O USO DE RITUAIS NA PSICOTERAPIA
Solange Maria Rosset
Agosto de 1995.
1. Teoria geral sobre rituais
1.1. Definição
1.1.1. Ritual é um processo
destinado a reelaborar as interações rotineiras num tempo
e espaço especiais que estão fora dos limites usuais da interação
cotidiana.
1.1.2. Rituais são atos simbólicos
que incluem as cerimonias e também o processo de preparação.

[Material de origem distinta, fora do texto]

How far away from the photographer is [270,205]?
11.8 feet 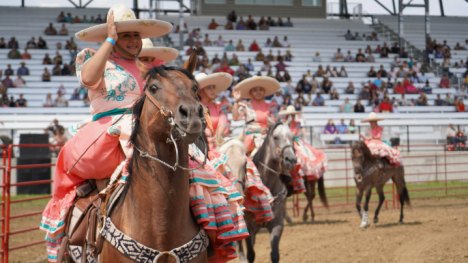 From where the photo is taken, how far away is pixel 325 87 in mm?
22281

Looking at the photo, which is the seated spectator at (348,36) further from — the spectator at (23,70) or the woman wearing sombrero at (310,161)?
the woman wearing sombrero at (310,161)

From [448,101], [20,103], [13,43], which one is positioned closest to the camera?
[20,103]

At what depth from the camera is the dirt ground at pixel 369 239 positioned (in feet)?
23.9

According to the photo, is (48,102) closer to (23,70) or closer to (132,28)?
(23,70)

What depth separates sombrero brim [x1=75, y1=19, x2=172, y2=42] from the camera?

Incluem palavras ou não, contém partes abertas e fechadas que
se mantém unidas por uma metáfora orientadora.
1.1.3. Ritual é uma expressão
em termos metafóricos dos paradoxos da existência humana.
1.2. Histórico, usos e funções
No campo da antropologia encontramos relatos e
descrição de rituais em todas as culturas e raças, ocupando
de alguma forma espaços e ocasiões fora das rotinas e sempre ligados
a crenças em seres ou poderes místicos ou mágicos.
O ritual foi introduzido formalmente nos modelos
sistêmicos de terapia familiar em 1974 por Mara Selvini Palazzoli, num
livro onde falava sobre a mudança do enfoque psicanalítico para
o enfoque sistêmico e como o uso desta estratégia era útil
com famílias que tinham um padrão comprometido de funcionamento.
Aos poucos os outros modelos de terapia sistêmica
foram adotando e adaptando o uso de rituais na sua forma de trabalho.
2. Rituais na psicoterapia
2.1. Funções dos rituais
2.1.1. Ser um sistema de intercomunicação
entre níveis, sistemas e/ou dimensões.
2.1.2. Manter dois aspectos de uma mesma contradição,
ou seja , manejar os paradoxos fundamentais (vida/morte, ideal/real, bem/mal
etc.) .
2.1.3. Ser um meio de apoio e contenção
nas emoções fortes.
2.1.4. Integração entre indivíduos,
famílias e comunidade, ou entre passado, presente e futuro.
2.1.5. Manter a dualidade conectando estrutura
e significado.
2.1.6. Possibilitar a expressão e experimentação
de coisas que não se pode por em palavras, ao vincular o analógico
ao digital.
2.2. Etapas dos rituais
2.2.1. Separação ou preparação
: é tão importante quanto o ritual em si, engloba todas as pesquisas,
preparações ,conhecimentos e atitudes necessárias e relacionadas
com o ritual.
2.2.2. Participação ou concretização
: é o ritual em si, onde se vive novas situações, novos
papéis, se experimentam situações.
2.2.3. Reintegração : é
a volta a situação rotineira mas com as diferenças que
o ritual possibilitou.
2.3. Tipos de rituais
2.3.1. Pertenência : usados para
facilitar a ampliação ou redução dos membros da
família, para redefinir o significado das pertenencias, para facilitar
entradas e saídas, para definir fronteiras, para famílias com
novos casamentos etc.
2.3.2. Cura : rituais para assinalar a
perda de um membro, para facilitar a expressão da dor e apontar novas
direções na vida, para lidar com perdas de situações,
funções ou papéis , para "limpar" situações
mal resolvidas, para retomadas e reconciliações.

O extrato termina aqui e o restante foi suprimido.